For: It doesn't suck as much as nothing!
Against: Yes it does!
For: No it doesn't!
Against: Doesdoesdoesdoesdoes! (Hands over ears)
For: *boink* (thumb in eye)
etc.

>Well, doing that via kerberos or ssl certificates
>may be better, but both require some protocol intervention.


Right!! That's the point, in fact. The amount of time wasted
setting up ident might have been sufficient level of effort to
make the necessary protocol interventions.

Remember - this all happened in the early 1990s... At that
time, there still was hope that public key certificates would
not turn out to be the sad joke they are.

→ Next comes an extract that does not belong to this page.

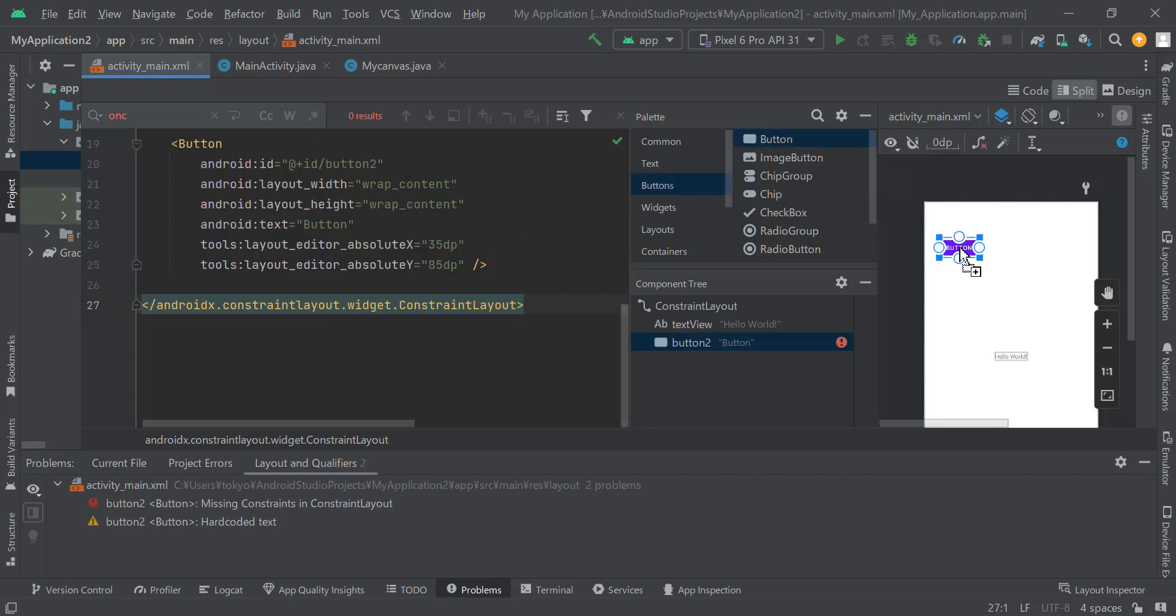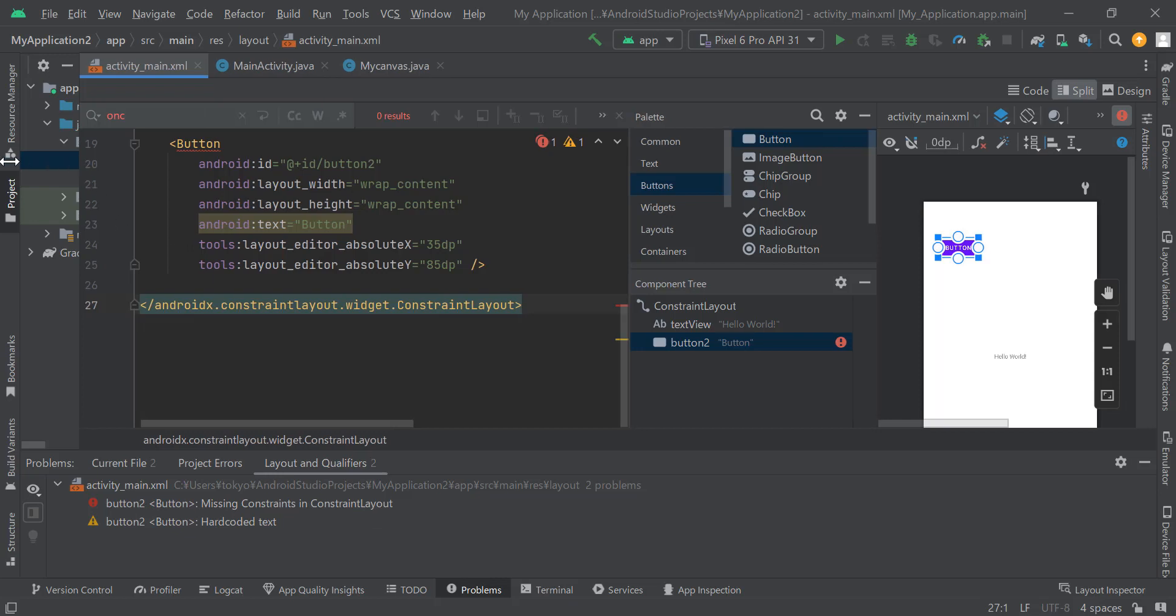Next, drag and drop the button. Yes, this time an error occurred. Now let's solve it.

At that time it
seemed like we'd actually have bidirectional authentication
with certificates - instead of SSL (AKA: "Exchanging
certificates so you can ignore them.") and SSH (AKA: "Using
rocket science public key exchanges to protect your 4
character password.") Many of us saw ident as an
unecessary protocol that was distracting people from
places where effort might be better invested.

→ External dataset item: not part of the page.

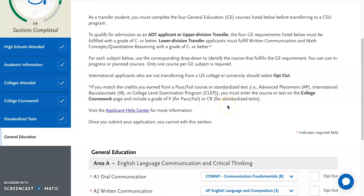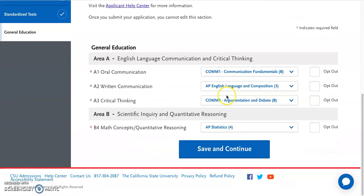You want to make sure not to skip around. You want to make sure that you have done the college coursework and standardized tests sections, because the system is actually going to pull information from those sections to fill out the golden four, which is what this section is asking you to provide — which courses or exams fulfill the golden four requirements as listed here.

We were right, for what it's worth (damn little!) if the
IETF had been an actual, effective standards body, we
might have been able to accomplish the deprecation of
TELNET, FTP, IMAP, etc, etc, or at least versions
of those that did not support what we know now as TLS.
What is excruciating to me is that the fact that these
things are obvious now doesn't change the fact that
they were obvious, then, too.

>So if you
>do trust host users separation (and if it is compromised at root level no
>method is good enough anyways), ident info can be used as well. And it is
>up to you what to do with it.


That's the standard argument in favor of identd. And, if you shuffle
the words around and preserve meaning it boils down to "on the
occasions that it's useful, it'll be useful." The problem is that it's
not - and never has been - useful enough to be useful.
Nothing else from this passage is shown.